The Goldman Sachs Multi-Asset Income ETF would invest across US stocks, American depository receipts, master limited partnership investments, and other ETFs, according to the Securities and Exchange Commission filing dated January 16.
Most ETFs are required to disclose their holdings and asset rotations daily to maintain transparency with their holders. Goldman acknowledges the new kind of investment vehicle may be more expensive than traditional ETFs to trade and boast a portfolio that’s cheaper than the ETF’s tradable share price.
Yet the investment bank claims that the lack of daily disclosures may also serve as a benefit, as traders won’t be able to replicate its structure as easily as with traditional ETFs.
“By keeping certain information about the ETF secret, this ETF may face less risk that other traders can predict or copy its investment strategy. This may improve the ETF’s performance,” Goldman wrote in the filing.
The bank added that the fund’s performance may suffer if traders can predict its investment strategy.

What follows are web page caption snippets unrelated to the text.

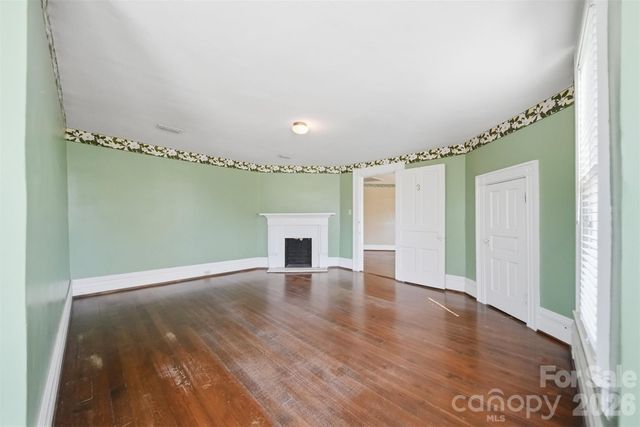 121 5th Avenue NE, Hickory, NC 28601
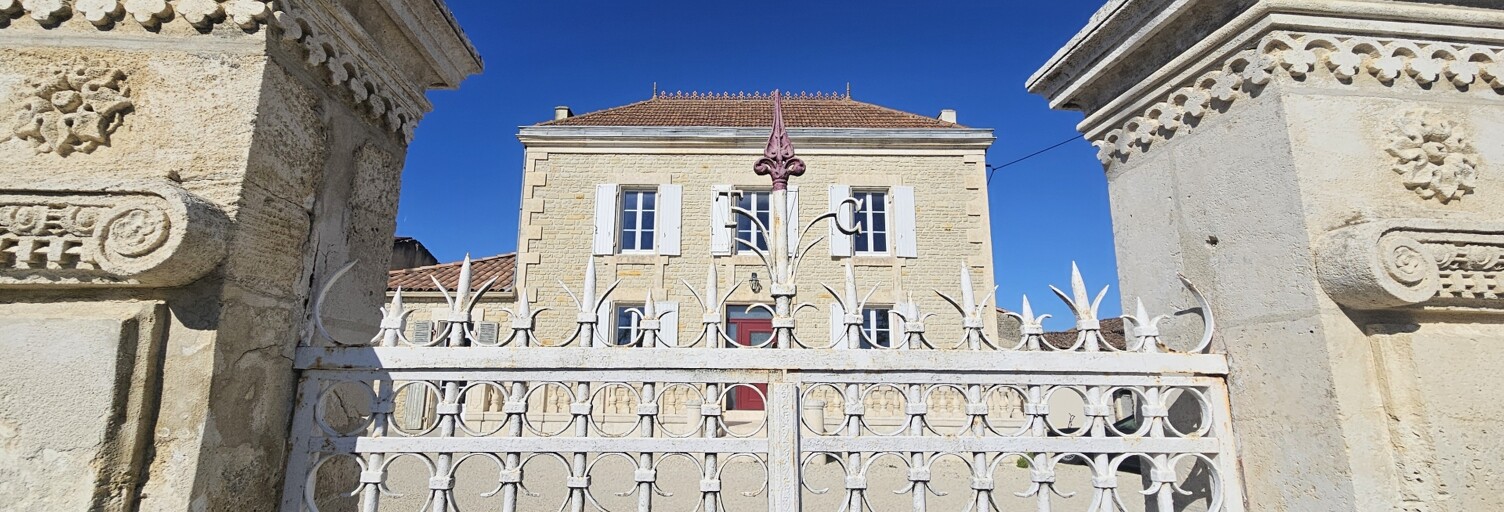 Maison 12 Pièces 350 m² à vendre à Xambes (16330)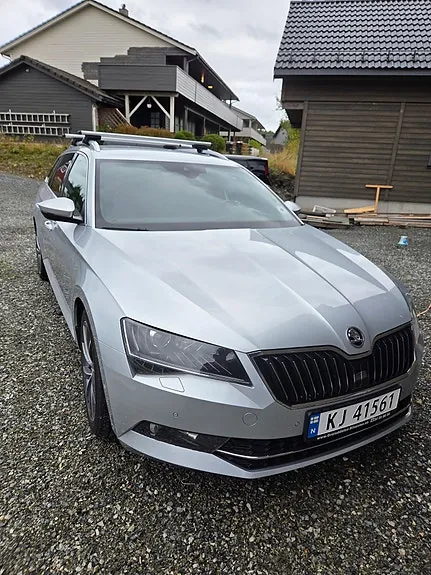 Skoda Superb 2019 photo 2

The ETFs included in the new Goldman vehicle would be used to gain exposure to fixed-income assets and international stocks, according to the filing. The Goldman ETF’s equity holdings will be weighted in favour of companies with regular dividends or other current income.
The new class of ETF would exist with the ActiveShares model established by Precidian Investments, which has already received approval for the less-transparent ETF structure. The model is meant to ensure the ETF trades “at market prices that are at or close to” the net asset value of the fund’s holdings, the filing said.